We pigged out and watched a series of lip synch performance, including one that featured a killer headdress for a Half Breed Cher! I just kept thinking, how do you get that thing in a cab at night?
And me being the rock and roll equivalent of Lucille Ball, I was quickly dragged onstage by a very talented Joan Rivers impersonator for a sort of humiliating and random runway contest designed to entertain and involve all the bachelorettes and birthday girls in the room. Thank God I had a couple in me prior. I have no problem shouting into a microphone, but walking back and forth trying to look cute is not really my forte.
Alas, I did not win. It was a three way tie between a crazy lesbian in rhinestone cowgirl gear, a woman celebrating her 50th birthday, and a very attractive older black gentleman who wanted to do runway with me, but was unceremoniously shoved back in line by Joan.
It really was fun. And afterward Joan told me that I was gorgeous and looked like a cross between Cher and Dita Von Teese, so you know THAT made my night. Then a group of wasted college kids piled up on our table, because it was closer to the stage, and Paulina almost got in a fistfight with one of them because they wouldn’t leave. She stood up and did some head-weaving and earring removal while I clapped and shouted, “VIOLENCE! VIOLENCE!” like we were all in Who’s Afraid of Virginia Woolf (as seen below around the 5:00 mark). Dignified to the end.
Luckily the fabulous staff came running and dragged said teenagers back to their rightful place and we retired to the bar where the delightful Frankie Cocktail compared tattoos with Zoe, including one she got during a stint in the Navy.
Zoe, me, Paulina:
After dinner Zoe and I raced to the Best Buy Theater to meet up with Michael Alago at the Life of Agony show. We were extremely late and missed the entire show; Michael had to run out from backstage to get us in the door. As we stood there fussing with the door personnel one mook (of which there are many at a Life of Agony concert) said, “Look at the old whores.” So there went my lovely Dita/Cher compliment! But then two seconds later another meathead grabbed my ass. Ah, one minute you’re on top of the world, the next at the bottom of the heap, only to be flung back up again by a hammy, grubby paw.

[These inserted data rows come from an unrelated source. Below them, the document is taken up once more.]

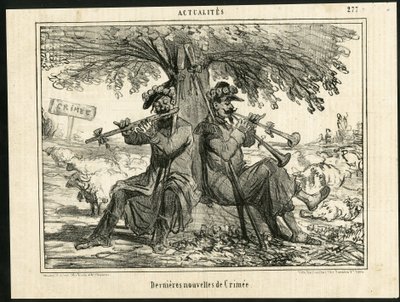 Illustration af Cham (1819-1879) i The Charivari - Seneste Krim-nyheder - Krig, Musik, Krim (Krimkrigen) af Amédée de Noé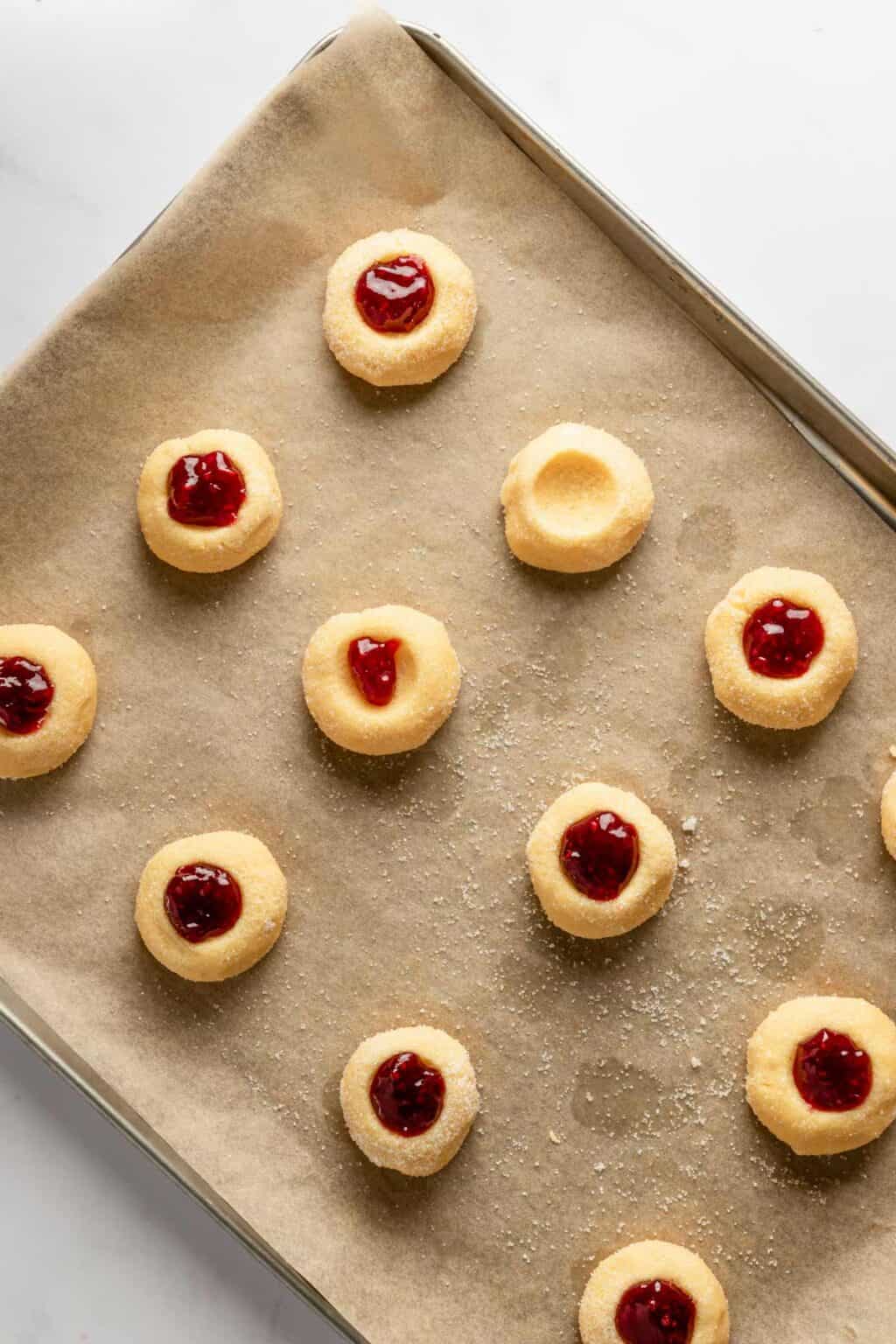 Soft & Buttery Raspberry Jam Thumbprint Cookies - Cookrita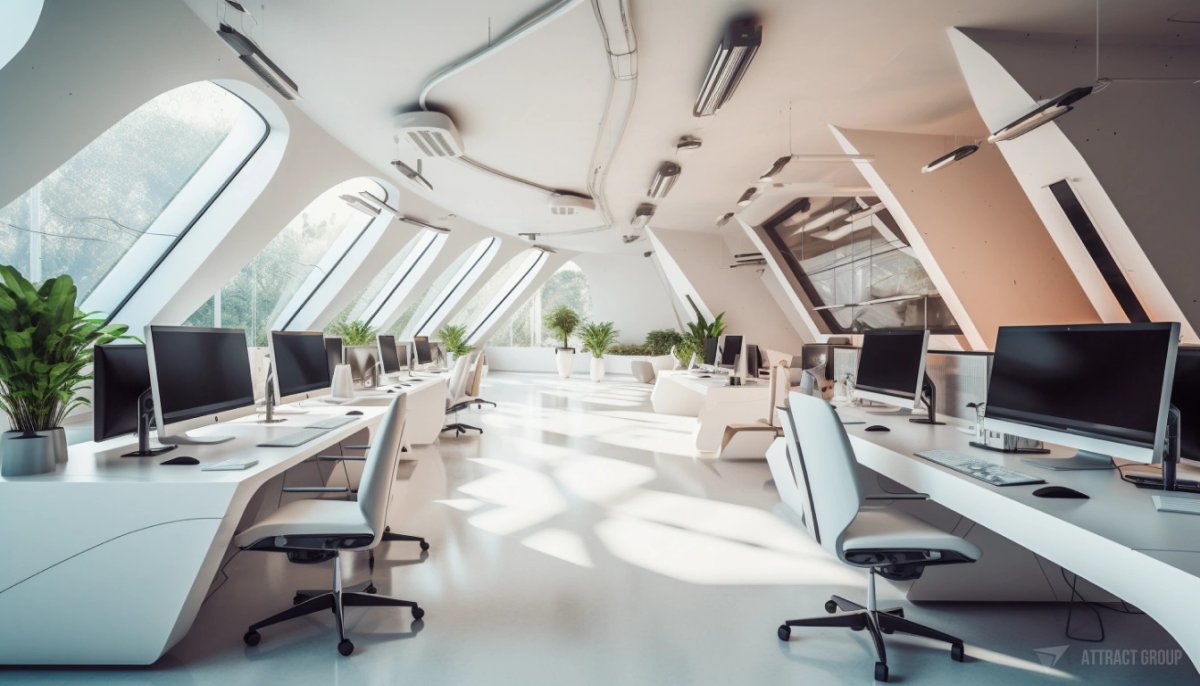 Modern office with computers, plants, and windows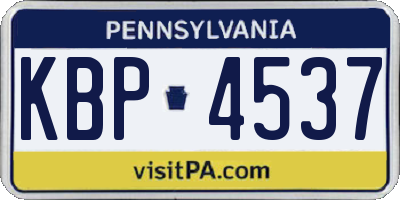PA license plate KBP4537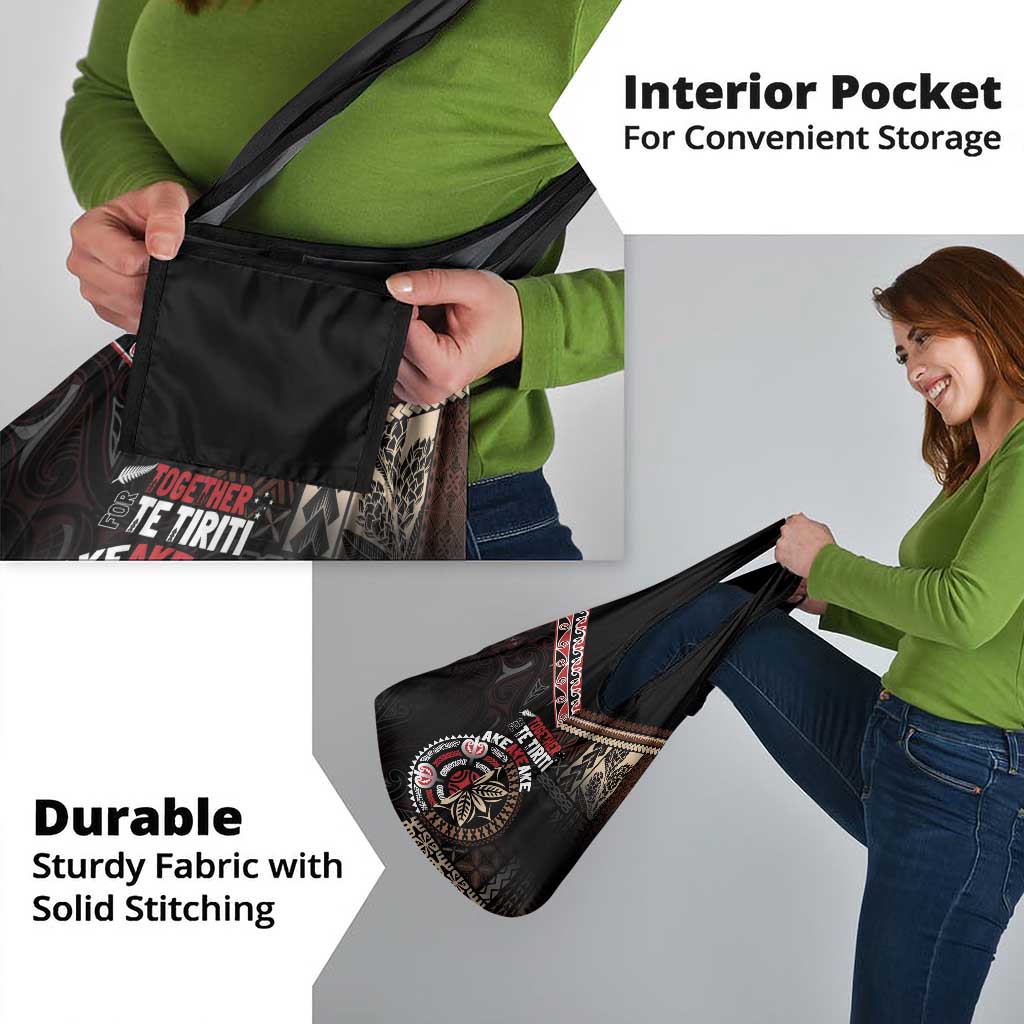 Aotearoa and Samoa Together For Te Tiriti Grocery Bag Kowhaiwhai Mix Siapo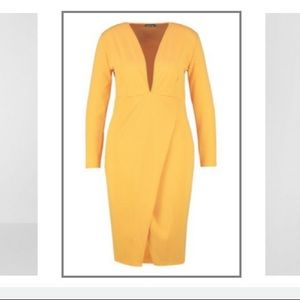 Plunge Wrap Midi Dress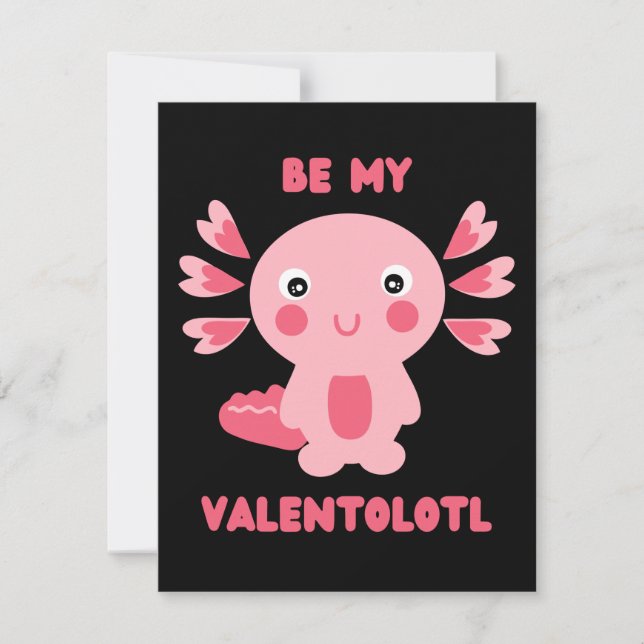 Cartão De Notas Bonito, rosa, kawaii axolotl perguntando: seja meu (Frente)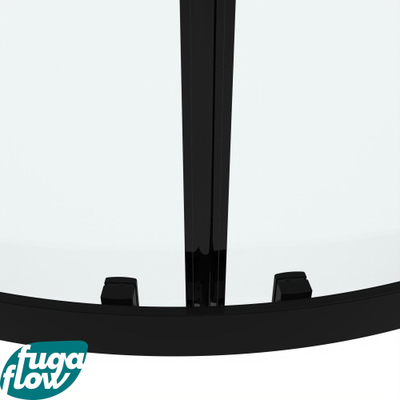 FugaFlow Efficiente Vetro Douchecabine - 90x90x200cm - kwartrond - helder glas - profiel - mat zwart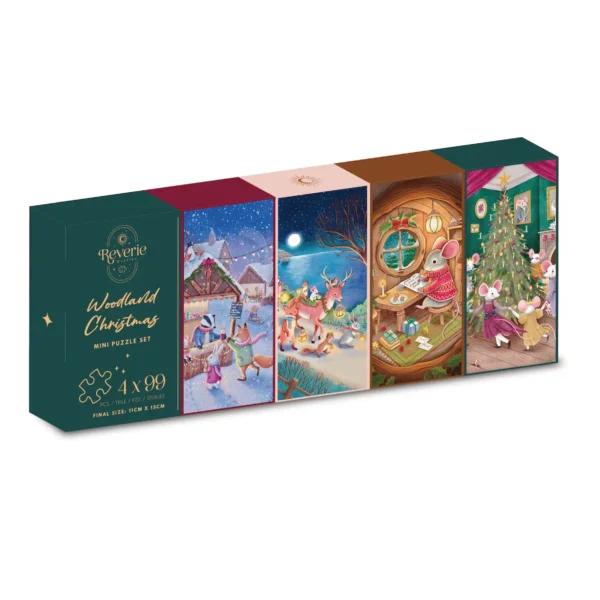Puzzle Woodland Christmas - Reverie Puzzles - 4 x 99 pièces
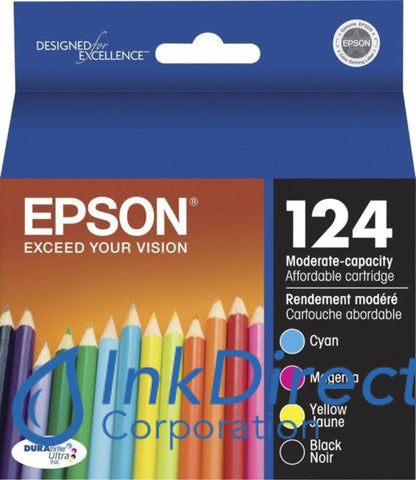 Genuine Epson T124120Bcs T124120-Bcs 124 Bcmy Ink Jet Cartridge Black & Color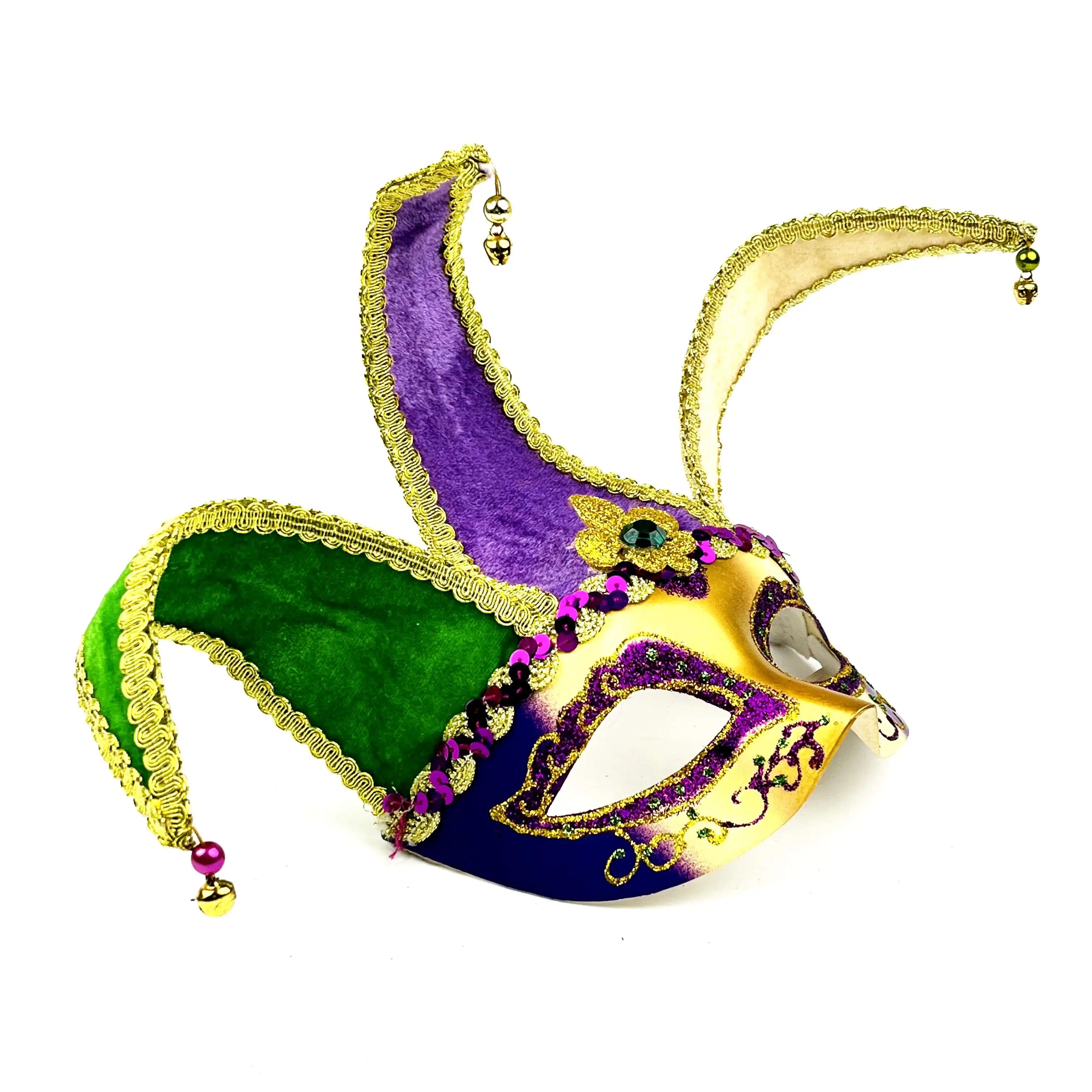 Mardi Gras  Clown Joker Fabric Mask Gold Green Purple with Small Bells Parades Carnival Masquerade Party Bells Clown Joker Masks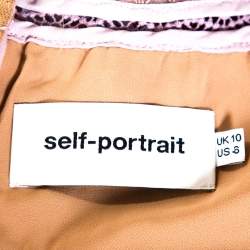 مملوكة مسبقًا فستان سيلف بورتريت ميني بليز حافة مكشكشة قصة دانتيل متعدد الألوان M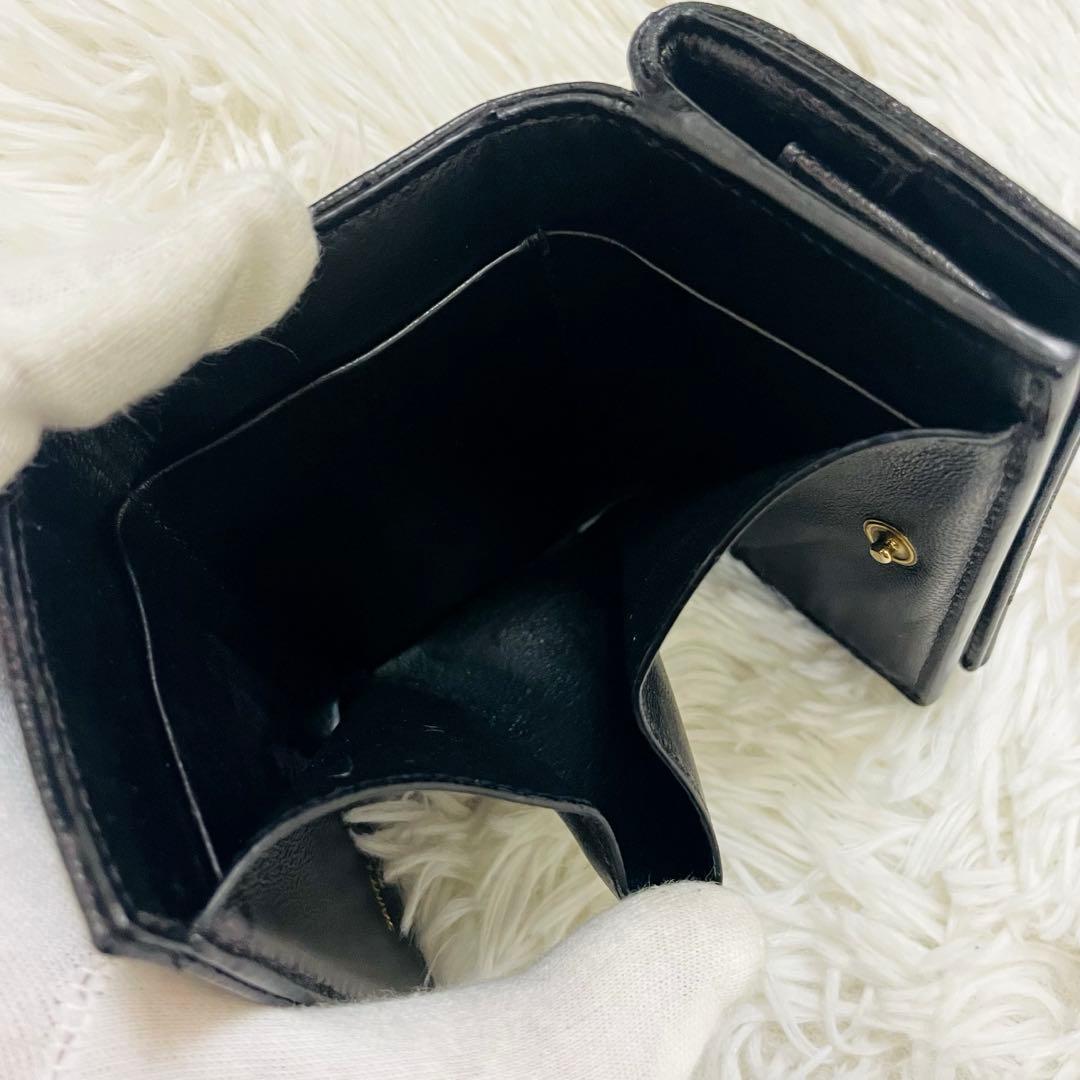 極美✨サンローラン 三つ折り財布 Vステッチ カサンドラ レザー 黒 オリガミ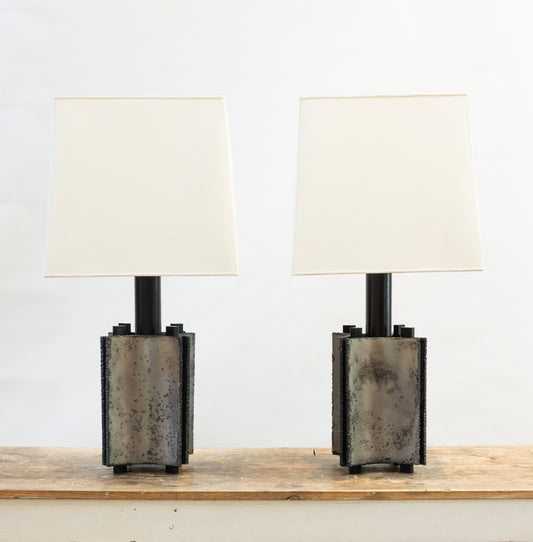 David Kleinberg | Torch Cut Steel Table Lamps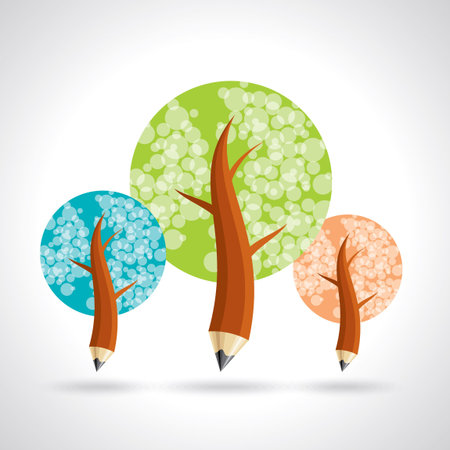 Pencil tree, about education and growing  Vectorのイラスト素材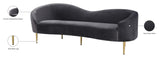 Ritz Elegant Velvet Sofa with Gold Metal Legs - Contemporary Curved Design for Chic Living Rooms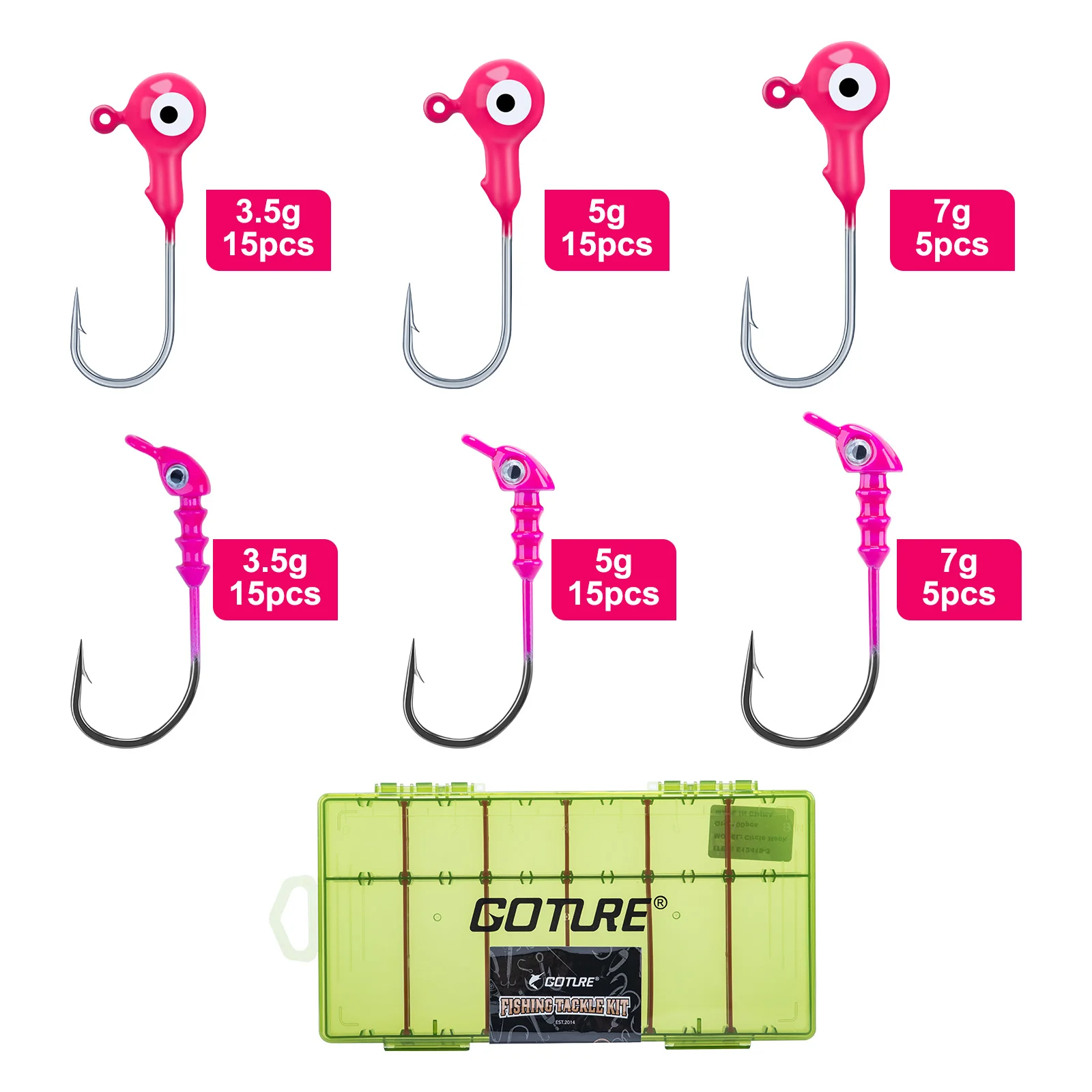 Goture Fishing Tackle Jig Head Kit Pink 3D Eye Design Bait Keeper Sharp Forged Hooks 3.5g 5g 7g for Soft Lure Bass Trout Fishing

Michael ushered us backstage and I met the absolutely lovely Keith Caputo. He was so warm and gracious, and I’m psyched because we’ll both be reading at Zoe’s Ho Ho Ho Holiday Party on Sunday. I can’t wait to hear what he has to say.
Michael yelled at our handsome friend Alex Dementia for never putting out: “Whaddya think we bring you out for, conversation?” Then as we were leaving he very generously took a portrait of me with his phone. I look a bit older than I’d like in the photo but I love it nonetheless.
Zoe and I retired to Manitoba’s, the bar owned by her and her husband Handsome Dick Manitoba, where we finished off the night with a couple shots of tequila. We tottered to a cab and home, and though my head aches today, I can honestly say the night was well worth the hangover.